Give back every line of the material exactly, as it appears below.
╭─ Information shown
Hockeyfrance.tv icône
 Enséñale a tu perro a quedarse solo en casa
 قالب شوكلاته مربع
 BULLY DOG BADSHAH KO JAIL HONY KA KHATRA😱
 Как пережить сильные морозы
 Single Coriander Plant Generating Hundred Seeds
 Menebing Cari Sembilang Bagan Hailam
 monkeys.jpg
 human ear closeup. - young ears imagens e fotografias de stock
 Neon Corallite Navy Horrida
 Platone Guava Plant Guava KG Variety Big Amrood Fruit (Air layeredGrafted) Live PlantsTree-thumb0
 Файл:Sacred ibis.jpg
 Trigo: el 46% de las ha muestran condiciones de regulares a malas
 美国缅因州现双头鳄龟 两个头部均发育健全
╰─
**Written answer:**
Hockeyfrance.tv icône
 Enséñale a tu perro a quedarse solo en casa
 قالب شوكلاته مربع
 BULLY DOG BADSHAH KO JAIL HONY KA KHATRA😱
 Как пережить сильные морозы
 Single Coriander Plant Generating Hundred Seeds
 Menebing Cari Sembilang Bagan Hailam
 monkeys.jpg
 human ear closeup. - young ears imagens e fotografias de stock
 Neon Corallite Navy Horrida
 Platone Guava Plant Guava KG Variety Big Amrood Fruit (Air layeredGrafted) Live PlantsTree-thumb0
 Файл:Sacred ibis.jpg
 Trigo: el 46% de las ha muestran condiciones de regulares a malas
 美国缅因州现双头鳄龟 两个头部均发育健全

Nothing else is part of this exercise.